■ **TASK GOAL**
Reproduce verbatim the line containing "Woodland near Massa by Ernst Fries" and every line that follows it through the end of the entries below, omitting all pictures.

[DATA RECORDS Boundary: Start]

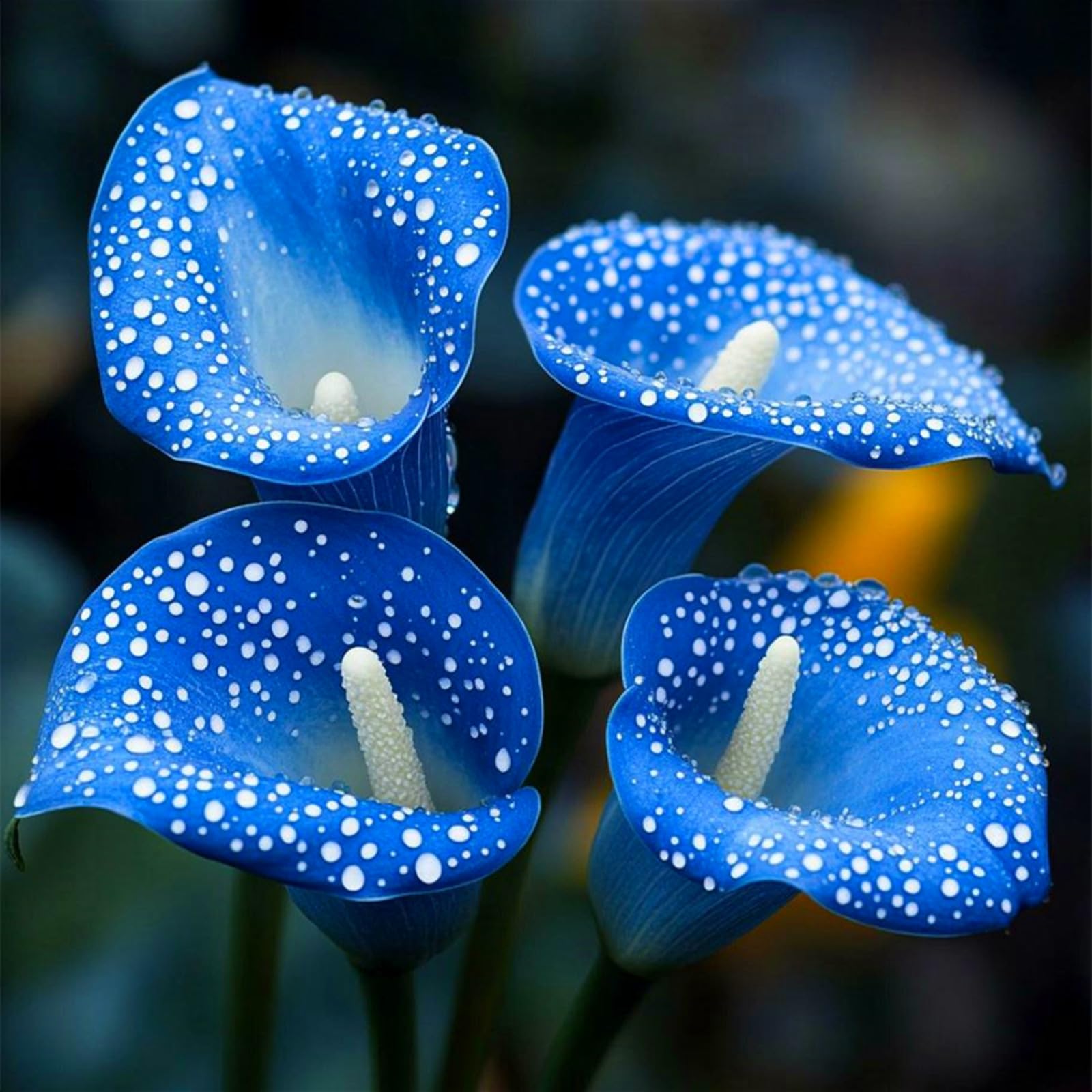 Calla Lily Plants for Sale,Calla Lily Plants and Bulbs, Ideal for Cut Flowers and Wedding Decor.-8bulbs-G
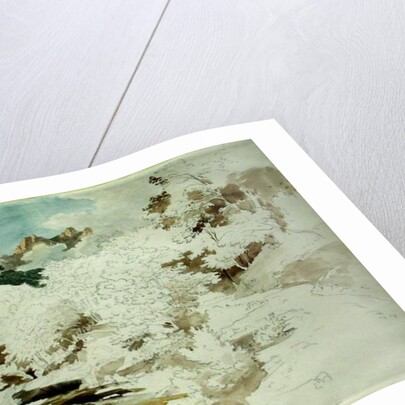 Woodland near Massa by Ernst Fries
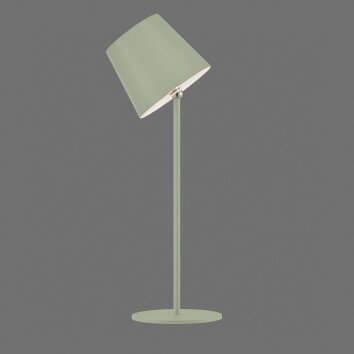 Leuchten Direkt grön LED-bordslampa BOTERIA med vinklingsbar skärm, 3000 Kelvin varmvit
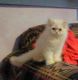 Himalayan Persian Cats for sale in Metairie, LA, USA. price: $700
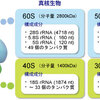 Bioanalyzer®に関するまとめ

[DATA RECORDS Boundary: End]

■ **TASK SOLUTION**
 Woodland near Massa by Ernst Fries
 Leuchten Direkt grön LED-bordslampa BOTERIA med vinklingsbar skärm, 3000 Kelvin varmvit
 Himalayan Persian Cats for sale in Metairie, LA, USA. price: $700
 Bioanalyzer®に関するまとめ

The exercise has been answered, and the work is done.